** Opening RECORDS PROVIDED block **
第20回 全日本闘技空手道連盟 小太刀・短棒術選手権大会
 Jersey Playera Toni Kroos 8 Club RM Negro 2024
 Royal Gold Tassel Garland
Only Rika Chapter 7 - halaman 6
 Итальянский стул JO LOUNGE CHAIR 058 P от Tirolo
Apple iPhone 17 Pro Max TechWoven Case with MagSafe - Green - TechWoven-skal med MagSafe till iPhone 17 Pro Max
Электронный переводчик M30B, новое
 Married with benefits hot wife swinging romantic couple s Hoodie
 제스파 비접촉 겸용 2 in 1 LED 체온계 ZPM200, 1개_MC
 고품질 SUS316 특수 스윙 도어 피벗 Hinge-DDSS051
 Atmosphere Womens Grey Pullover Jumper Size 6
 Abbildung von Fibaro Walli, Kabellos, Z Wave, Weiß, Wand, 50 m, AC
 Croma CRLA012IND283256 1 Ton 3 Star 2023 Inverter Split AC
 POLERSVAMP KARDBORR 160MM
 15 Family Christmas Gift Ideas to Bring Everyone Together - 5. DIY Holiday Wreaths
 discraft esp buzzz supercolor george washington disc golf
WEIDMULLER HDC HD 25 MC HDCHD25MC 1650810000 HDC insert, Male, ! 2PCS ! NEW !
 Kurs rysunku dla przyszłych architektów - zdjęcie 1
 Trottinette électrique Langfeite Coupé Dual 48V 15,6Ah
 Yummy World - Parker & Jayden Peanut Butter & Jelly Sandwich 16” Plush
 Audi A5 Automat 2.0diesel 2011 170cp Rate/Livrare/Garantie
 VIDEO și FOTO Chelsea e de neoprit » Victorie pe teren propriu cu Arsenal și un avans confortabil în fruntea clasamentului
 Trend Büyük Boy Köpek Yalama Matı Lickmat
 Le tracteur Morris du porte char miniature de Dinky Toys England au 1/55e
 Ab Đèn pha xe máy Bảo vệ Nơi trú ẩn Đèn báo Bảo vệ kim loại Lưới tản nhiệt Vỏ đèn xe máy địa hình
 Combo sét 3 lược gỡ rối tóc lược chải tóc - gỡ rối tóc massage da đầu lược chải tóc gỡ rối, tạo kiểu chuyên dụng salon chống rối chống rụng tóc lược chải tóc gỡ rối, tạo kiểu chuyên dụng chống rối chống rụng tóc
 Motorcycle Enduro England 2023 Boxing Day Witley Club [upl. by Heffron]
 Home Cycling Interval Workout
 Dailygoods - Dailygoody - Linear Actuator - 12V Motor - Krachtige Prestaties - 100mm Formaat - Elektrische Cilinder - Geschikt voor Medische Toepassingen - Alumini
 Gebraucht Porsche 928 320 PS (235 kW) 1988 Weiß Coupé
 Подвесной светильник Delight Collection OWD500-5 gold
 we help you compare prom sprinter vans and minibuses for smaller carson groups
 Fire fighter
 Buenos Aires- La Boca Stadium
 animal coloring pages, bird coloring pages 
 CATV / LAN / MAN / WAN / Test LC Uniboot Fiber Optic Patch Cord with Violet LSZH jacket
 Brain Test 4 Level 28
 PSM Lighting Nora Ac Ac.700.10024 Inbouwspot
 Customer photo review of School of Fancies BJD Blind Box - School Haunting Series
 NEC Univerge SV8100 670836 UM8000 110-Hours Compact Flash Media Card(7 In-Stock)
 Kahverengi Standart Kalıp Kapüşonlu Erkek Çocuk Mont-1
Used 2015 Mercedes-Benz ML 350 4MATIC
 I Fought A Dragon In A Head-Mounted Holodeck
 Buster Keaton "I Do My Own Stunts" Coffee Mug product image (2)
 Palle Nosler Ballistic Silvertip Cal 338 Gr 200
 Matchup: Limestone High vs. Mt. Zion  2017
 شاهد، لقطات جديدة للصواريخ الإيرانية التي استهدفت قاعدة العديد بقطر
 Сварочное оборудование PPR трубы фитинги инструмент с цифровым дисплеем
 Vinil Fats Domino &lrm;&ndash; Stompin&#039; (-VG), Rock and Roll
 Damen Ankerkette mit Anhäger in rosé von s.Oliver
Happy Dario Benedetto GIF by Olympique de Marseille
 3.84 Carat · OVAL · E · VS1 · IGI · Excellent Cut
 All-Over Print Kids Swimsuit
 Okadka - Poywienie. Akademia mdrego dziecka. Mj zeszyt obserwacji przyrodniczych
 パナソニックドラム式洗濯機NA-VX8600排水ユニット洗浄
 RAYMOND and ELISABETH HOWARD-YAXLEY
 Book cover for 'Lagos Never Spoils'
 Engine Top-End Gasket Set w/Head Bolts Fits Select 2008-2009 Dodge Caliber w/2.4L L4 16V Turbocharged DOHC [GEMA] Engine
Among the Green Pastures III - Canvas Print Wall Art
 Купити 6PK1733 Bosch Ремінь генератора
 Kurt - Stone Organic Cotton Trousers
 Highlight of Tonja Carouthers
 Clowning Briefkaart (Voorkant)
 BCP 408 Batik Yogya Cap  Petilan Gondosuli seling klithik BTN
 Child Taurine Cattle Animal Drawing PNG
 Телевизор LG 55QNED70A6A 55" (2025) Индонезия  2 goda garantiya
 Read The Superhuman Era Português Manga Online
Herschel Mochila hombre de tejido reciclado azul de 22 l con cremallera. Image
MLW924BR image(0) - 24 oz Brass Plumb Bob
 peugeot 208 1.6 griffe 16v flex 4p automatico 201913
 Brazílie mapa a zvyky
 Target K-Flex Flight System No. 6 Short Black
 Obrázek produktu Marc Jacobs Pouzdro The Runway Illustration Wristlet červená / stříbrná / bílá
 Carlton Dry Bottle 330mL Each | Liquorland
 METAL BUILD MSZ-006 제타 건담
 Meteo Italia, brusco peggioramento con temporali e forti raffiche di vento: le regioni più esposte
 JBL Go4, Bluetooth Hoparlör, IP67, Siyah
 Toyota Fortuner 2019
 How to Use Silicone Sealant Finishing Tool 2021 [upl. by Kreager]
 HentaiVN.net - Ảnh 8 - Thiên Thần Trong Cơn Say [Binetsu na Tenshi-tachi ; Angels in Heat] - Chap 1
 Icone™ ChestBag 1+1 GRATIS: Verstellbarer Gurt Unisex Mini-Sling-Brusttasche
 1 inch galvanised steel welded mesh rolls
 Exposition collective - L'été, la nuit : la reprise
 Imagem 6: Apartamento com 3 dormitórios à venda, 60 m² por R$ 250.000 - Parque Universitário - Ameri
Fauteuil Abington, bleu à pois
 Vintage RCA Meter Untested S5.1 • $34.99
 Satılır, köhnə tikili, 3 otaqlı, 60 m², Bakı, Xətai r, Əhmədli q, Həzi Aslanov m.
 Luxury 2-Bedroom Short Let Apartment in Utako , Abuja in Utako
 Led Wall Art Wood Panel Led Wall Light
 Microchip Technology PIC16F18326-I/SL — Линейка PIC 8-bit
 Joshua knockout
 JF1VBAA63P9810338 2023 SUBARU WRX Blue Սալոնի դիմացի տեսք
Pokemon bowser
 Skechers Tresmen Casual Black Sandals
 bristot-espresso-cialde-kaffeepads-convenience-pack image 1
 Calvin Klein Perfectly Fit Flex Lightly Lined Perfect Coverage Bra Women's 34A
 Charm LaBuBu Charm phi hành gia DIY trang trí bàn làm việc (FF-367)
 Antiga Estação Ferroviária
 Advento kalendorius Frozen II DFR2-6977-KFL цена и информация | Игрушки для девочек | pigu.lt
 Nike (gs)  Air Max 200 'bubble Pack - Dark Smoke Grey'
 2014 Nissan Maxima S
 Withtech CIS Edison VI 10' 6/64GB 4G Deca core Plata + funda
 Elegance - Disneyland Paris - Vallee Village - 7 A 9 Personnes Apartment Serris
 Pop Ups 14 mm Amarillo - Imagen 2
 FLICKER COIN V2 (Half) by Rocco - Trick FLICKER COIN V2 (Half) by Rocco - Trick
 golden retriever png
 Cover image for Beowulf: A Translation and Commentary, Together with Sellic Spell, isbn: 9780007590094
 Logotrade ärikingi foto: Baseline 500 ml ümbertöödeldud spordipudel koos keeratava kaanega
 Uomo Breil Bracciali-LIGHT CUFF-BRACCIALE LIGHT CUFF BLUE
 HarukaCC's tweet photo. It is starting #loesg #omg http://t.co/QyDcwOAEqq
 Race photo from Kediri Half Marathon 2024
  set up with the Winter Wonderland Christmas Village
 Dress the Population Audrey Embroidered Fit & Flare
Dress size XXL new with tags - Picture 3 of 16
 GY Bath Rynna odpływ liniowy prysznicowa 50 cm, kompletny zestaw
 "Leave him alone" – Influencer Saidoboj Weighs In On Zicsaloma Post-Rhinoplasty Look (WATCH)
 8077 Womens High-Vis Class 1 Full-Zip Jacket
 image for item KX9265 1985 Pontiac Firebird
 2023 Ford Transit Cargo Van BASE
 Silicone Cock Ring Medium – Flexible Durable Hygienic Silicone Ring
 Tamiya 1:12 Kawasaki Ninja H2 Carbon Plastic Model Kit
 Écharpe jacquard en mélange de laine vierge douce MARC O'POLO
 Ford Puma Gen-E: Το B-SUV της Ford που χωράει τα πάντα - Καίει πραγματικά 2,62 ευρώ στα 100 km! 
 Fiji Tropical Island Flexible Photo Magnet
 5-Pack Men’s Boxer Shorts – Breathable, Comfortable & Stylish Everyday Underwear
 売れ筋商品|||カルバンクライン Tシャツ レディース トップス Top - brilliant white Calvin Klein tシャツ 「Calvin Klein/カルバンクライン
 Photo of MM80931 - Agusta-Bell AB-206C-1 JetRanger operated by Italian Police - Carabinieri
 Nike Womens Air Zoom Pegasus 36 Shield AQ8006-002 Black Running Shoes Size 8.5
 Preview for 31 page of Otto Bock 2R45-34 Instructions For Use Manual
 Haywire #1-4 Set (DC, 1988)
** Closing RECORDS PROVIDED block **
■ **EXERCISE OBJECTIVE**:
Retype word for word everything in the listing above from the line that holds "FLICKER COIN V2 (Half) by Rocco - Trick FLICKER" down to the line that holds "Dress size XXL". Keep both end lines and leave out the rest.

■ **ANSWER SECTION**:
 FLICKER COIN V2 (Half) by Rocco - Trick FLICKER COIN V2 (Half) by Rocco - Trick
 golden retriever png
 Cover image for Beowulf: A Translation and Commentary, Together with Sellic Spell, isbn: 9780007590094
 Logotrade ärikingi foto: Baseline 500 ml ümbertöödeldud spordipudel koos keeratava kaanega
 Uomo Breil Bracciali-LIGHT CUFF-BRACCIALE LIGHT CUFF BLUE
 HarukaCC's tweet photo. It is starting #loesg #omg http://t.co/QyDcwOAEqq
 Race photo from Kediri Half Marathon 2024
  set up with the Winter Wonderland Christmas Village
 Dress the Population Audrey Embroidered Fit & Flare
Dress size XXL new with tags - Picture 3 of 16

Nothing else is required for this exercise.